A very big problem for everyone who ever gets ill with a disease, viral or bacterial, is that medicine and society have forgotten that people don't just fall neatly and conveniently into being "recovered" or "dead" after a disease apparently disappears, some of them stay sick long-term or permanently. And medicine and society blame and disbelieve the patient for this.
 
Newcastle Long Covid doctor warns there's 'no magic bullet', but tells patients 'they will get better'

"One of the UK's most senior Long Covid doctors has warned there's no "magic bullet" to curing a condition that remains without a "clear physical cause".

Dr Graham Burns is a senior respiratory consultant at the RVI in Newcastle. He's also one of two "national speciality advisors" who were appointed in autumn 2021 to help guide the national response to Long Covid, which could affect millions in the UK.

Dr Burns also told ChronicleLive that he thought Long Covid had a "perception problem" and it was important patients were not despondent about their illness.
....
He added that insomnia and anxiety about recovery had in some patients caused a vicious circle. "It's a big problem," he said. "People are not sleeping. Insomnia is a major, major issue for people with Long Covid. People aren't sleeping and it's exacerbating things like anxiety and depression."

Dr Burns explained that, while he was by no means saying anxiety was the root cause of many Long Covid symptoms, it "seems likely" that "understandable anxiety about a perceived failure to recover" contributes to insomnia and then to other issues exacerbated by that, such as fatigue or headaches.

His message to patients was not to be despondent. He said: "If people are badly enough ill that they need to see me, then it's pretty bad. But recovery is possible. By the time patients get to see me in clinic they have been unwell for probably several months. The message I want to get to people is that recovery is possible, even if it takes time."

https://www.chroniclelive.co.uk/news/health/long-covid-newcastle-graham-burns-22645048
With people like that in charge...

And that ridiculous message of "recovery is possible", as if this were an issue, or a "failure". Still completely clueless after all this time.

Also not a doctor but severe insomnia is far more serious than just "anxiety and depression". The obsession with reducing everything to those vague poorly defined concepts is just absurd.

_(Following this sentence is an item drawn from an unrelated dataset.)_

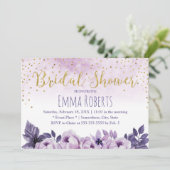 Waterverf Paars Vrijgezellenfeest Floral Spring Kaart (Staand voorkant)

And telling people who will not recover that they will is just cruel but also terrible for the credibility of medicine. The need for physicians to say "I don't know" badly needs to be implemented as a rule, hopium is completely out of control here, all because of stupid beliefs about mass hysteria. Pffft.
 
Well, I think we can all agree that some people with LC will slowly recover over a period of months to a few years.

The issue then is what caused recovery. If everyone who has LC at some point visits a clinic --
it seems clear at this point that clinic staff will claim the victory over illness. But just because someone shows up at clinic it doesn't follow that they are the cause of recovery. Any more than (I might add) showing up at a forum will continue to keep you sick. It's a very unscientific premise. One that they will in no way puncture by doing any science to uncover what is the reality for people with LC. Better to go on spouting vague positive encouragement.

Being an expert these days is all glory. You're right even when you are so very wrong. Just don't check beneath the veneer.

They are failing to see that the 'anxiety' isn't psychological but primarily physiological and that release of adrenaline is not based on fear but a disregulated system and that constant release causing symptoms like tachycardia are what lead to dysautonomia. Which cannot be fixed by a nice chat with a psychologist or a compassionate session with a physio.